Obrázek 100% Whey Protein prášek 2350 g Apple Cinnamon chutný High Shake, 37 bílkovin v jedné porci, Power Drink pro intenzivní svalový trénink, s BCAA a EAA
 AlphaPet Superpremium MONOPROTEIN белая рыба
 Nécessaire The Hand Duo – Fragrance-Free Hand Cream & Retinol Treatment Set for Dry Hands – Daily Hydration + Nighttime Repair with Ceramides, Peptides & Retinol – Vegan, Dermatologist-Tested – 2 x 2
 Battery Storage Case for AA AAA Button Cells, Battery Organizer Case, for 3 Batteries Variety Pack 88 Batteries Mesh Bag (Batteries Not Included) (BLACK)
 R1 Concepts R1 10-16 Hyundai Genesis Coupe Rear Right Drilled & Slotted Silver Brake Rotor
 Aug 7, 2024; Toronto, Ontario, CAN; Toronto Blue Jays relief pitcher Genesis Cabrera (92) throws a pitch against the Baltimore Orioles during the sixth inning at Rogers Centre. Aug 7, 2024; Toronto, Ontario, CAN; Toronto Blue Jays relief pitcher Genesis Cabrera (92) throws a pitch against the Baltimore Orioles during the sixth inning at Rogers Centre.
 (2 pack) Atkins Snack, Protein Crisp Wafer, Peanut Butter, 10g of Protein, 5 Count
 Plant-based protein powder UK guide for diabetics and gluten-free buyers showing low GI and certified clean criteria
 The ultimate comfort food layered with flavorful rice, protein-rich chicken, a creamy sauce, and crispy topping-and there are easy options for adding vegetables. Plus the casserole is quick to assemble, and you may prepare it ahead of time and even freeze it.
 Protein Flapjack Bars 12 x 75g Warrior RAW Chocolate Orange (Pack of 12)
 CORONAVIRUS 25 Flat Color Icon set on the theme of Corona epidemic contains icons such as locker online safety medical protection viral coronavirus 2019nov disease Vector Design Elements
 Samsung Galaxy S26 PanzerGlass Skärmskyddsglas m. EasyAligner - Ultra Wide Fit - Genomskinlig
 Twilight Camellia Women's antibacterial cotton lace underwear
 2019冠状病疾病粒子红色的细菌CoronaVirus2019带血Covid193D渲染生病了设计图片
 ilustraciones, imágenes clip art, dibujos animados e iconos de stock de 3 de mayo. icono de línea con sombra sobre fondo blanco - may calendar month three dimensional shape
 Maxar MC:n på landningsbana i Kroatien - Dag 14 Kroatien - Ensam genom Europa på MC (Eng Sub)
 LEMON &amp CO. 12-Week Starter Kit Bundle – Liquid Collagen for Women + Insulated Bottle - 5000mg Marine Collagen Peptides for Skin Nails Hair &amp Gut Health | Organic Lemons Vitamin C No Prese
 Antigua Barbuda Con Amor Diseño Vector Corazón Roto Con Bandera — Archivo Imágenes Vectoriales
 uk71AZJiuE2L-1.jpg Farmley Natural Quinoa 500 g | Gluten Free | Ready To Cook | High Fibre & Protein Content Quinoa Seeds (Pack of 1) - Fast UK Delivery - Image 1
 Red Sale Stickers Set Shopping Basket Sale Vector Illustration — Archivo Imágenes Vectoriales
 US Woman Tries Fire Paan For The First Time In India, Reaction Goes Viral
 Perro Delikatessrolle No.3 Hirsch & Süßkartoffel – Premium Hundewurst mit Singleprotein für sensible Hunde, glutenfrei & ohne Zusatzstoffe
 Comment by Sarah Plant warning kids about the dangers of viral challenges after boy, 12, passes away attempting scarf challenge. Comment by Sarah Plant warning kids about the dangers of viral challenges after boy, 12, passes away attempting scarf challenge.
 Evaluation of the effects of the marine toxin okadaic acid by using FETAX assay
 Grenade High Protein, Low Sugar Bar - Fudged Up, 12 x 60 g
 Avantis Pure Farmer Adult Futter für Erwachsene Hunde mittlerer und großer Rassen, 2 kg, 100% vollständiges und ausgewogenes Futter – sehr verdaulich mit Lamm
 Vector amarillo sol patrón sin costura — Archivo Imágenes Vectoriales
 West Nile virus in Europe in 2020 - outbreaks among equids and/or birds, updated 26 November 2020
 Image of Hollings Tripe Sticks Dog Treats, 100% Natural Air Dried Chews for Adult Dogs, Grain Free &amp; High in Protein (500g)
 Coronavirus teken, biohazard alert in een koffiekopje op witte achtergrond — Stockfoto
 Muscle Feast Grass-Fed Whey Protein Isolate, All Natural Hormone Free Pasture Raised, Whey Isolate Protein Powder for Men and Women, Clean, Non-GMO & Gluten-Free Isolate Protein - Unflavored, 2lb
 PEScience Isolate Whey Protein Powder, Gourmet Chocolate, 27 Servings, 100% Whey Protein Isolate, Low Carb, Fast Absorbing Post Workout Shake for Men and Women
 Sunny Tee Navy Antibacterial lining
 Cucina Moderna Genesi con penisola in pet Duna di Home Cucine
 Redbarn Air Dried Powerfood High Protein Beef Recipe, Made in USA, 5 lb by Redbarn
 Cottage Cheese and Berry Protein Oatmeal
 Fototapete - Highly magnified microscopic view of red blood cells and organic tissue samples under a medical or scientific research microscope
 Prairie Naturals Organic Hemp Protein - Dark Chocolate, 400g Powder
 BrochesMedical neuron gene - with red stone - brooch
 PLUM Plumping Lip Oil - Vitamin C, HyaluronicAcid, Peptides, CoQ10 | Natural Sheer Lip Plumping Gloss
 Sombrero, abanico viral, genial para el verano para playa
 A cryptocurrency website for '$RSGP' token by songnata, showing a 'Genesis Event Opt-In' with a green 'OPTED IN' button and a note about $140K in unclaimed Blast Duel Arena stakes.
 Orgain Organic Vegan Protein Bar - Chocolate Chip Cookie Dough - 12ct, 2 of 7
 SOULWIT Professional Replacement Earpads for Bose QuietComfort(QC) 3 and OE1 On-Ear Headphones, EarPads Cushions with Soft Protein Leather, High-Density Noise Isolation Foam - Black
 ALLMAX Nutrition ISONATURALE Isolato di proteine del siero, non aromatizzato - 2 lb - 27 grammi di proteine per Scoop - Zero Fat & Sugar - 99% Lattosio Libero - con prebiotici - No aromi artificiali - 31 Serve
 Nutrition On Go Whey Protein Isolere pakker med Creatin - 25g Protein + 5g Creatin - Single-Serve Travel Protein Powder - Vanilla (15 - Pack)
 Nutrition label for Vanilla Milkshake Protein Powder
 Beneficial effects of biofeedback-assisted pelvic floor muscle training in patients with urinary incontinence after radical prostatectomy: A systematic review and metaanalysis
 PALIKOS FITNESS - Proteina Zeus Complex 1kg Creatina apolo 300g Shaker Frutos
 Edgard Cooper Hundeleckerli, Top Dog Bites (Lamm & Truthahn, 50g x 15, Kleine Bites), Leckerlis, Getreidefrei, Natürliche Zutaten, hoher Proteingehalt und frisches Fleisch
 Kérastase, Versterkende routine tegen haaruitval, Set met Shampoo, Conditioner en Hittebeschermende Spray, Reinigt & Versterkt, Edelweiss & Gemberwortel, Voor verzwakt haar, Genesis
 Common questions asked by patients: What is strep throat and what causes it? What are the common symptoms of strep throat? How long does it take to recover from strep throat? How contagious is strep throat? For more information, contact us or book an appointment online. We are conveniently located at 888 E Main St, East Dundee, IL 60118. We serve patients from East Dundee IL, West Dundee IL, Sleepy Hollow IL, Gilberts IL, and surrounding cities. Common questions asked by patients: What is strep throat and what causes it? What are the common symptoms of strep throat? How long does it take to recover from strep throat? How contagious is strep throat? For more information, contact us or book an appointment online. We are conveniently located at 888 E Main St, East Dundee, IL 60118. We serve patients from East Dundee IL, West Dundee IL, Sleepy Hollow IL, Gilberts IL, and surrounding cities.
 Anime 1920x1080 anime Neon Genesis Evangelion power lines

++++++

ABOUT THIS EXERCISE =>
Please give back all of the records exactly as written.

OUTPUT FOR THIS TASK =>
Obrázek 100% Whey Protein prášek 2350 g Apple Cinnamon chutný High Shake, 37 bílkovin v jedné porci, Power Drink pro intenzivní svalový trénink, s BCAA a EAA
 AlphaPet Superpremium MONOPROTEIN белая рыба
 Nécessaire The Hand Duo – Fragrance-Free Hand Cream & Retinol Treatment Set for Dry Hands – Daily Hydration + Nighttime Repair with Ceramides, Peptides & Retinol – Vegan, Dermatologist-Tested – 2 x 2
 Battery Storage Case for AA AAA Button Cells, Battery Organizer Case, for 3 Batteries Variety Pack 88 Batteries Mesh Bag (Batteries Not Included) (BLACK)
 R1 Concepts R1 10-16 Hyundai Genesis Coupe Rear Right Drilled & Slotted Silver Brake Rotor
 Aug 7, 2024; Toronto, Ontario, CAN; Toronto Blue Jays relief pitcher Genesis Cabrera (92) throws a pitch against the Baltimore Orioles during the sixth inning at Rogers Centre. Aug 7, 2024; Toronto, Ontario, CAN; Toronto Blue Jays relief pitcher Genesis Cabrera (92) throws a pitch against the Baltimore Orioles during the sixth inning at Rogers Centre.
 (2 pack) Atkins Snack, Protein Crisp Wafer, Peanut Butter, 10g of Protein, 5 Count
 Plant-based protein powder UK guide for diabetics and gluten-free buyers showing low GI and certified clean criteria
 The ultimate comfort food layered with flavorful rice, protein-rich chicken, a creamy sauce, and crispy topping-and there are easy options for adding vegetables. Plus the casserole is quick to assemble, and you may prepare it ahead of time and even freeze it.
 Protein Flapjack Bars 12 x 75g Warrior RAW Chocolate Orange (Pack of 12)
 CORONAVIRUS 25 Flat Color Icon set on the theme of Corona epidemic contains icons such as locker online safety medical protection viral coronavirus 2019nov disease Vector Design Elements
 Samsung Galaxy S26 PanzerGlass Skärmskyddsglas m. EasyAligner - Ultra Wide Fit - Genomskinlig
 Twilight Camellia Women's antibacterial cotton lace underwear
 2019冠状病疾病粒子红色的细菌CoronaVirus2019带血Covid193D渲染生病了设计图片
 ilustraciones, imágenes clip art, dibujos animados e iconos de stock de 3 de mayo. icono de línea con sombra sobre fondo blanco - may calendar month three dimensional shape
 Maxar MC:n på landningsbana i Kroatien - Dag 14 Kroatien - Ensam genom Europa på MC (Eng Sub)
 LEMON &amp CO. 12-Week Starter Kit Bundle – Liquid Collagen for Women + Insulated Bottle - 5000mg Marine Collagen Peptides for Skin Nails Hair &amp Gut Health | Organic Lemons Vitamin C No Prese
 Antigua Barbuda Con Amor Diseño Vector Corazón Roto Con Bandera — Archivo Imágenes Vectoriales
 uk71AZJiuE2L-1.jpg Farmley Natural Quinoa 500 g | Gluten Free | Ready To Cook | High Fibre & Protein Content Quinoa Seeds (Pack of 1) - Fast UK Delivery - Image 1
 Red Sale Stickers Set Shopping Basket Sale Vector Illustration — Archivo Imágenes Vectoriales
 US Woman Tries Fire Paan For The First Time In India, Reaction Goes Viral
 Perro Delikatessrolle No.3 Hirsch & Süßkartoffel – Premium Hundewurst mit Singleprotein für sensible Hunde, glutenfrei & ohne Zusatzstoffe
 Comment by Sarah Plant warning kids about the dangers of viral challenges after boy, 12, passes away attempting scarf challenge. Comment by Sarah Plant warning kids about the dangers of viral challenges after boy, 12, passes away attempting scarf challenge.
 Evaluation of the effects of the marine toxin okadaic acid by using FETAX assay
 Grenade High Protein, Low Sugar Bar - Fudged Up, 12 x 60 g
 Avantis Pure Farmer Adult Futter für Erwachsene Hunde mittlerer und großer Rassen, 2 kg, 100% vollständiges und ausgewogenes Futter – sehr verdaulich mit Lamm
 Vector amarillo sol patrón sin costura — Archivo Imágenes Vectoriales
 West Nile virus in Europe in 2020 - outbreaks among equids and/or birds, updated 26 November 2020
 Image of Hollings Tripe Sticks Dog Treats, 100% Natural Air Dried Chews for Adult Dogs, Grain Free &amp; High in Protein (500g)
 Coronavirus teken, biohazard alert in een koffiekopje op witte achtergrond — Stockfoto
 Muscle Feast Grass-Fed Whey Protein Isolate, All Natural Hormone Free Pasture Raised, Whey Isolate Protein Powder for Men and Women, Clean, Non-GMO & Gluten-Free Isolate Protein - Unflavored, 2lb
 PEScience Isolate Whey Protein Powder, Gourmet Chocolate, 27 Servings, 100% Whey Protein Isolate, Low Carb, Fast Absorbing Post Workout Shake for Men and Women
 Sunny Tee Navy Antibacterial lining
 Cucina Moderna Genesi con penisola in pet Duna di Home Cucine
 Redbarn Air Dried Powerfood High Protein Beef Recipe, Made in USA, 5 lb by Redbarn
 Cottage Cheese and Berry Protein Oatmeal
 Fototapete - Highly magnified microscopic view of red blood cells and organic tissue samples under a medical or scientific research microscope
 Prairie Naturals Organic Hemp Protein - Dark Chocolate, 400g Powder
 BrochesMedical neuron gene - with red stone - brooch
 PLUM Plumping Lip Oil - Vitamin C, HyaluronicAcid, Peptides, CoQ10 | Natural Sheer Lip Plumping Gloss
 Sombrero, abanico viral, genial para el verano para playa
 A cryptocurrency website for '$RSGP' token by songnata, showing a 'Genesis Event Opt-In' with a green 'OPTED IN' button and a note about $140K in unclaimed Blast Duel Arena stakes.
 Orgain Organic Vegan Protein Bar - Chocolate Chip Cookie Dough - 12ct, 2 of 7
 SOULWIT Professional Replacement Earpads for Bose QuietComfort(QC) 3 and OE1 On-Ear Headphones, EarPads Cushions with Soft Protein Leather, High-Density Noise Isolation Foam - Black
 ALLMAX Nutrition ISONATURALE Isolato di proteine del siero, non aromatizzato - 2 lb - 27 grammi di proteine per Scoop - Zero Fat & Sugar - 99% Lattosio Libero - con prebiotici - No aromi artificiali - 31 Serve
 Nutrition On Go Whey Protein Isolere pakker med Creatin - 25g Protein + 5g Creatin - Single-Serve Travel Protein Powder - Vanilla (15 - Pack)
 Nutrition label for Vanilla Milkshake Protein Powder
 Beneficial effects of biofeedback-assisted pelvic floor muscle training in patients with urinary incontinence after radical prostatectomy: A systematic review and metaanalysis
 PALIKOS FITNESS - Proteina Zeus Complex 1kg Creatina apolo 300g Shaker Frutos
 Edgard Cooper Hundeleckerli, Top Dog Bites (Lamm & Truthahn, 50g x 15, Kleine Bites), Leckerlis, Getreidefrei, Natürliche Zutaten, hoher Proteingehalt und frisches Fleisch
 Kérastase, Versterkende routine tegen haaruitval, Set met Shampoo, Conditioner en Hittebeschermende Spray, Reinigt & Versterkt, Edelweiss & Gemberwortel, Voor verzwakt haar, Genesis
 Common questions asked by patients: What is strep throat and what causes it? What are the common symptoms of strep throat? How long does it take to recover from strep throat? How contagious is strep throat? For more information, contact us or book an appointment online. We are conveniently located at 888 E Main St, East Dundee, IL 60118. We serve patients from East Dundee IL, West Dundee IL, Sleepy Hollow IL, Gilberts IL, and surrounding cities. Common questions asked by patients: What is strep throat and what causes it? What are the common symptoms of strep throat? How long does it take to recover from strep throat? How contagious is strep throat? For more information, contact us or book an appointment online. We are conveniently located at 888 E Main St, East Dundee, IL 60118. We serve patients from East Dundee IL, West Dundee IL, Sleepy Hollow IL, Gilberts IL, and surrounding cities.
 Anime 1920x1080 anime Neon Genesis Evangelion power lines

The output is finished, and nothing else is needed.